Fruit flies.

Newsgroups: alt.folklore.herbs
Subject: Re: Fruit fly
From: Liz Jones <lizjones+.pitt.edu>
Date: 11 Oct 1995 14:35:03 GMT

>What can I put in my kitchen to get rid of the fruit fly and his many friends.

Open the windows and scrub down your kitchen, chucking the moldy banana in the fruit bowl as you go? Works for me everytime. Two general preventatives= (1) Don't leave fruit or veggies lying out, and (2) try dosing your kitchen drain with some vinegar or baking soda. If after all of the above you still have'm, put a solid rubber drain cover over the kitchen drain-- if they can't get to the water, they have to go elsewhere.


From: camel.winternet.com (caMel)

>What can I put in my kitchen to get rid of the fruit fly and his many friends.

Fruit flies have a very short life cycle (usually less than a week - a
couple of days?). I've only gotten them in my kitchen when I've found a source where they've been breeding. Check under your counters, behind stoves, your refrigerator, etc, to see if some kind of fruit or vegatable hasn't fallen down behind something. They have, on occasion even bred in the little bit of food that may be left over in a container of tin-cans that were waiting to go out to be recycled. If you remove their food supply (it is generally a moist source as they don't breed in dry foods), they will disappear all on their own within a matter of days or weeks. Check any vegatables that you have in open containers for storage (potatoes, onions, etc,) to make sure they are not breeding in there too. If that is the case, you might want to store the food in a refrigerator (makes them dormant) until the foods are used up and the flies are gone for a month or so. One time they found my onions (1 onion in the bin that "went bad"), so I stored the rest in the fridge to interrupt their life-cycles. They are more than welcome to breed by the compost heap outside, but NOT in my house.


From: callie.writepage.com (Callie)

>What can I put in my kitchen to get rid of the fruit fly and his many friends.

Uh ... less fruit?

1. get rid of ALL the current fruit!
2. thoroughly wash all containers in hot soapy water
3. wait a couple weeks for all the adults to die off (or set off a smoke bomb of the insecticidal type)
4. keep all new fruit covered, and don't mix incoming purchases with older fruit ... the flies come in with a purchase, and can spread to other fruit. "covered" can be with a fine cheesecloth or in a paper bag stapled shut with at least a double fold to keep them out.

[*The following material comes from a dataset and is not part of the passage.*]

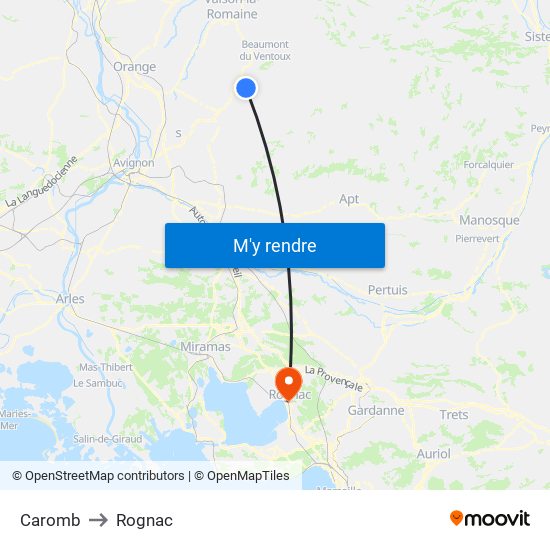 Caromb to Rognac map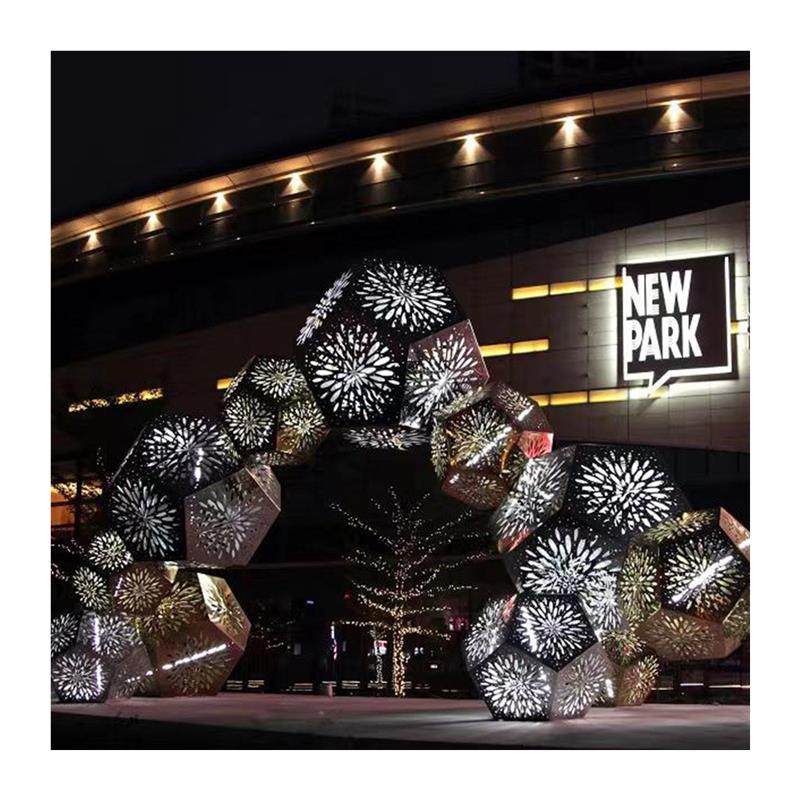 不锈钢镂空发光多面体方块雕塑户外园林广场金属异形景观装饰摆件,淘宝优惠券,粉丝福利购,淘宝优惠卷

From: debs.nyquist.bellcore.com (Deborah Rappaport)

The best way I know of to get rid of the fruit fly is to take a bottle - put some juice in the botton - ½ inch or so - take a piece of paper and make a cone out of it with the end only large enough for the fruit fly to fit through - place the cone in the bottle so the end does not touch the juice. Leave this in the area of the flies. In the morning the jar will be full of the flies.
Repeat this until all the flies are gone.


From: hamilton.umbc.edu (Diana Hamilton)

>The best way I know of to get rid of the fruit fly is to take a bottle

This will work even better if you add a couple of drops of dishwashing detergent to the juice. This decreases the surface tension of the liquid, so the flies that land on it will sink and drown.

Also, cider vinegar, and supposedly wine or beer, will also work in place of juice.